I am seeking some info about a Tremont pocket watch that my father owns and we don't know much about it. I came to this forum hoping that somebody might be able to tell me a little bit about it as I am intrigued to know, it has been in the family for a long time.

I have here some pictures of it, any info is appreciated  I would really like to know what year it was made and whether its very old, because it is still in very good working order, and anything more about the company.










Top: 'Tremont Watch Co.'

No 979

London.


----------



## Mikrolisk (Jan 23, 2008)

The watch was made in 1876!

For the history of the Tremont Watch Co, just look here: http://www.awco.org/OtherHigh/Tremont.htm

Andreas


----------



## Kimmy (Apr 10, 2009)

Thank you very much 

Just out of curiosity, how do you tell how old it is?


----------



## Shangas (Jan 27, 2008)

It's keywind, keyset. On the FRONT of the watch, you see a small square over the hands. That indicates it's keyset.

On the BACK, you see a square off-center on the movement. That means it's keywind. The two squares are where you put the watch-key to wind and set the watch. Watches such as these died out around the turn of the last century, when stem-wind, stem-set (and other combinations) of watches superceeded them.

I'll wager Andreas figured out its age, by the hallmarks stamped inside the case, seen in the fourth picture.

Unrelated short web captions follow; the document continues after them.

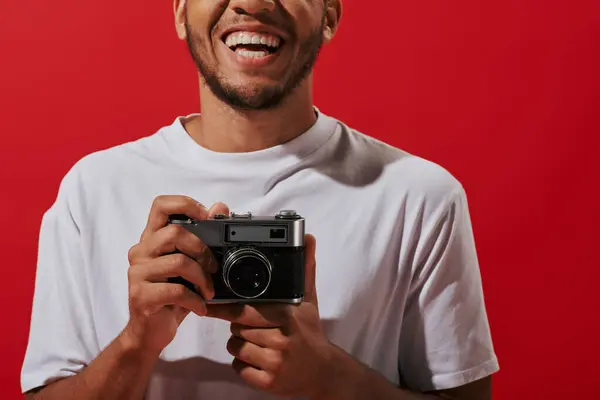 Fotografo afro-americano cortado e feliz segurando câmera vintage e sorrindo no fundo vermelho — Fotografia de Stock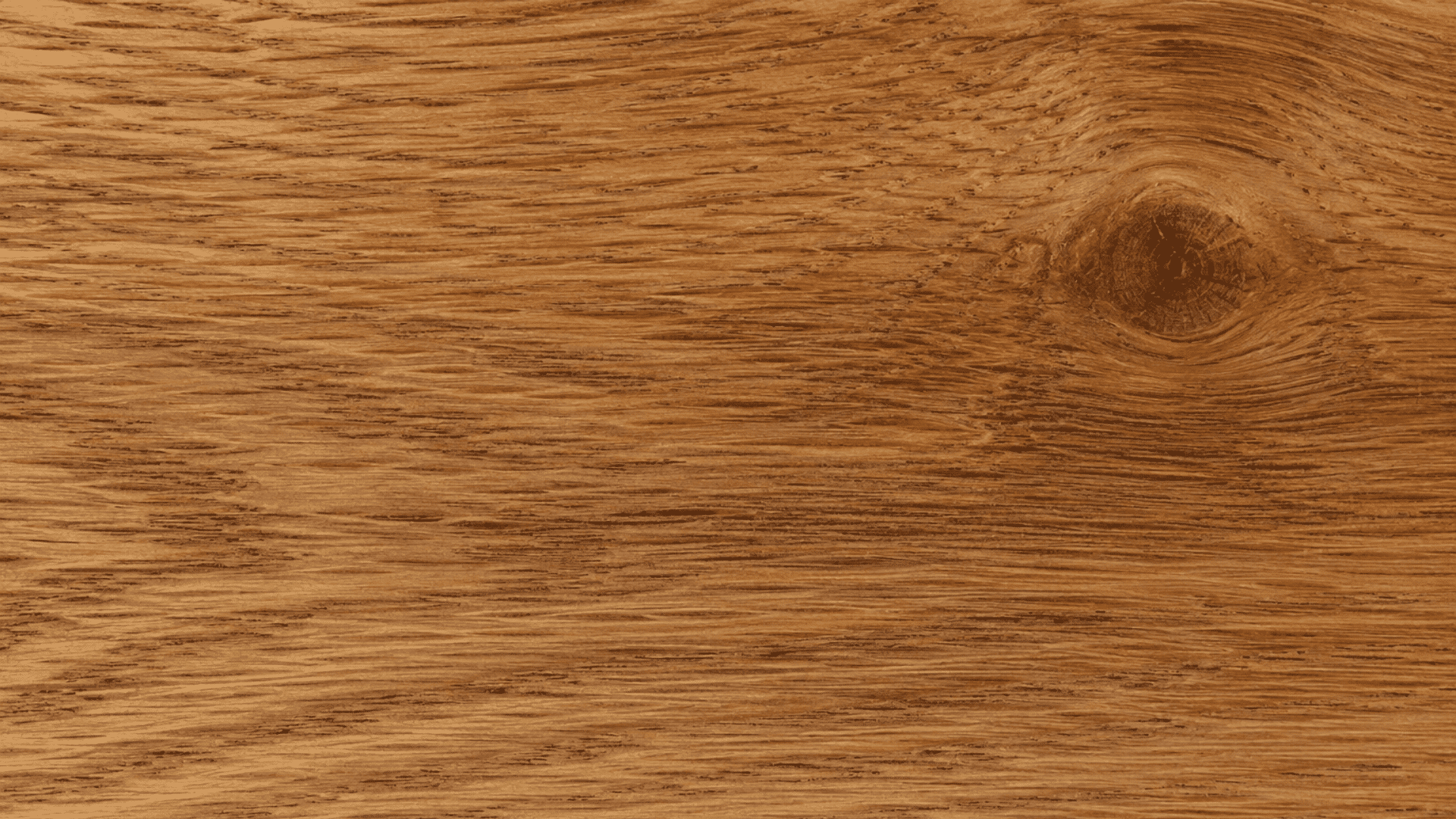 close view of natural wood grain texture with swirling patterns and a dark knot on polished timber surface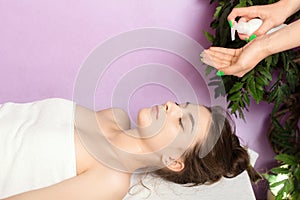 Beautiful young woman resting on a massage table. Rest and relaxation in the spa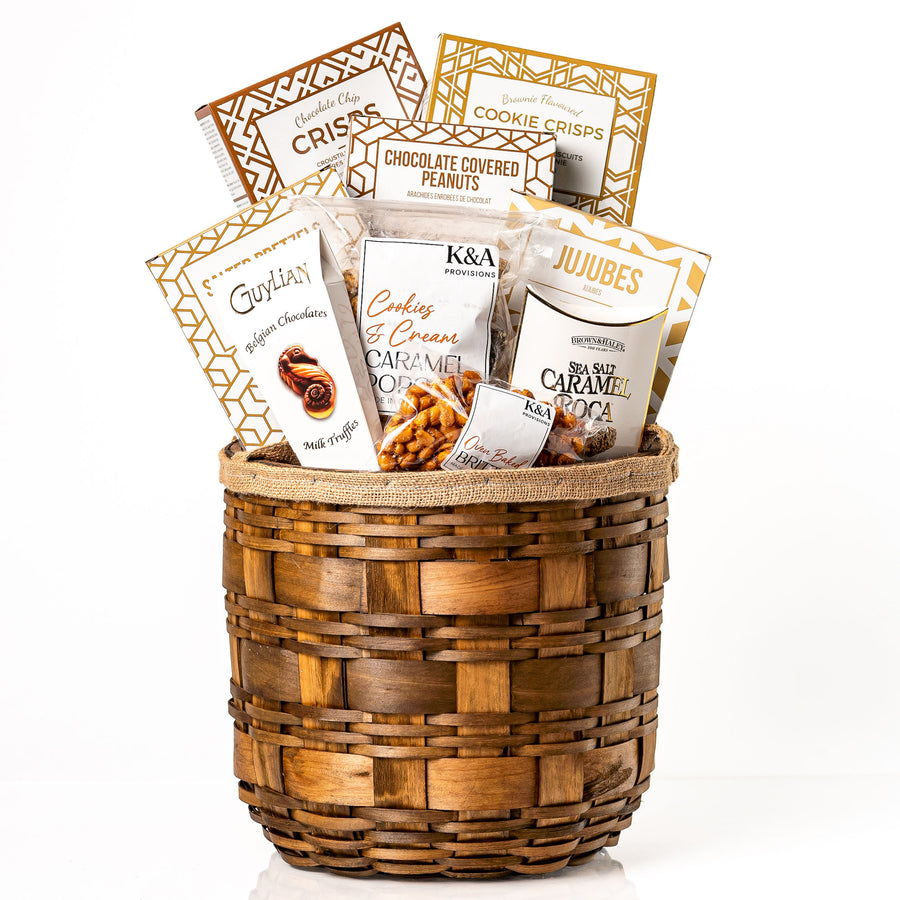 Hearty Hamper Small: a round woven wood chip hamper filled with cookie crisps, jujubes, salted pretzels, chocolate covered peanuts, caramel popcorn and Guylian truffles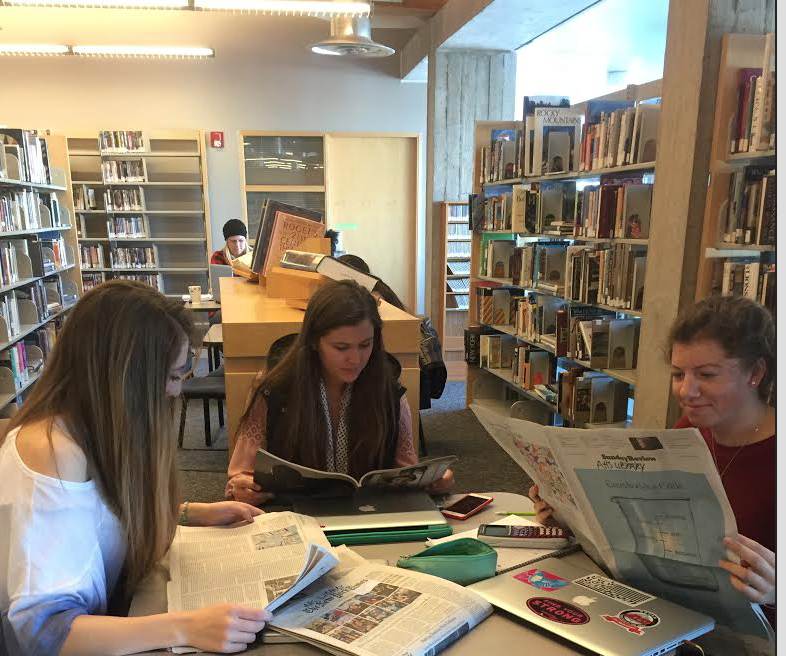 AHS juniors Anja Larson, Kaia Veresilovic, and Adair Patella read the news in the school library.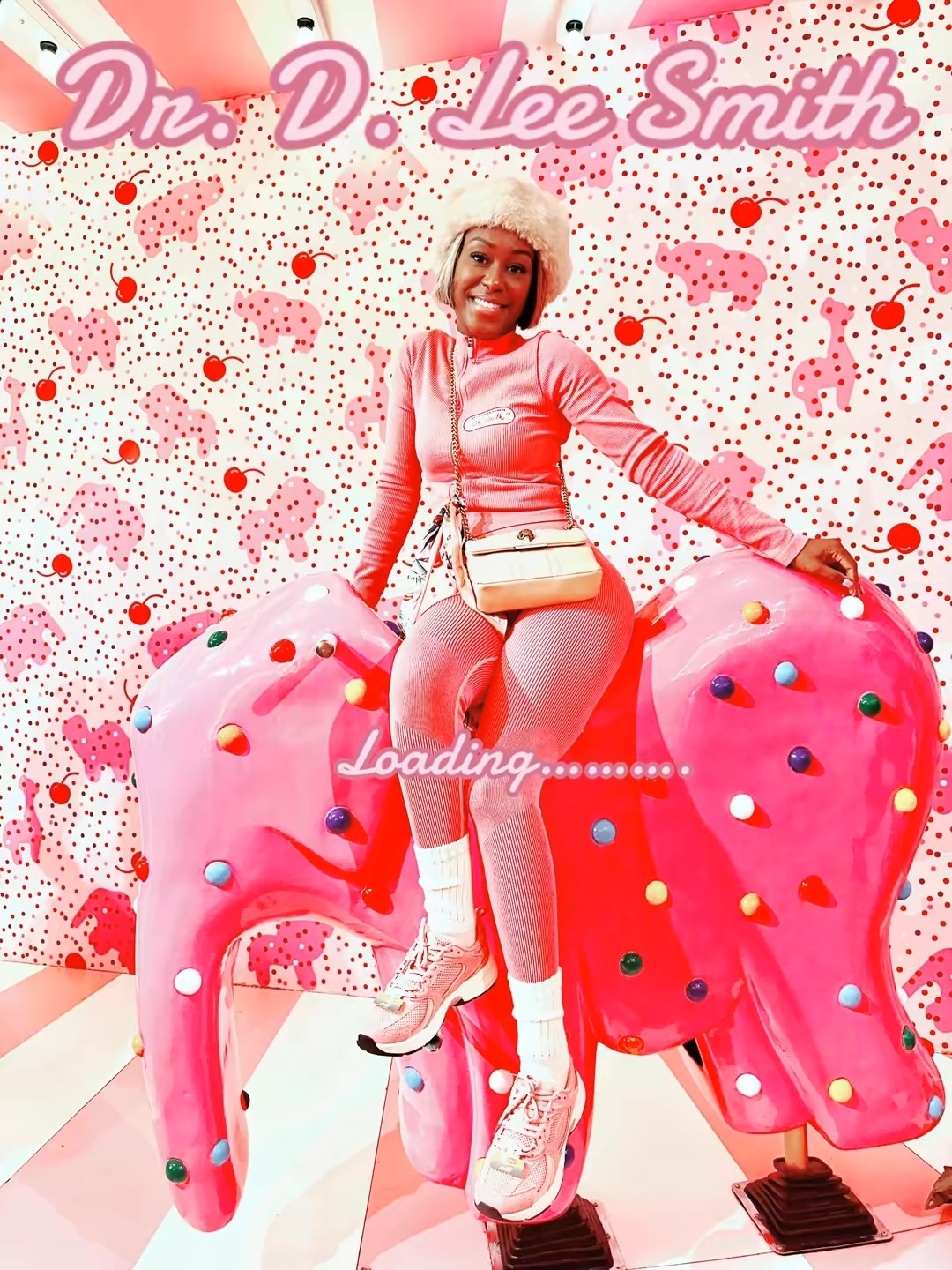 A woman in a pink outfit and white hat sitting on a pink, decorated elephant sculpture with a pink and white background.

I should warn you - DO NOT run the watch, if it hasn't been properly, thoroughly and professionally serviced. If you break it, there's a very slim chance of repairing it. And if you can repair it, it won't be cheap. A standard servicing will not be nearly as expensive as fixing it.


----------



## Mikrolisk (Jan 23, 2008)

Yeah,

in english watch cases you'll always find hallmarks - a lion for silver, a crown for gold, then a city duty mark, that can be

- an anchor (Birmingham)

- 3 sheaves of corn (Chester)

- a castle (Edinbourgh)

- a crown (Sheffielf)

- a lions head (London)

(plus many more)

plus a letter that indicates a year, depending on the city mark. See here: http://www.925-1000.com/british_marks.html for the date lists.

Andreas


----------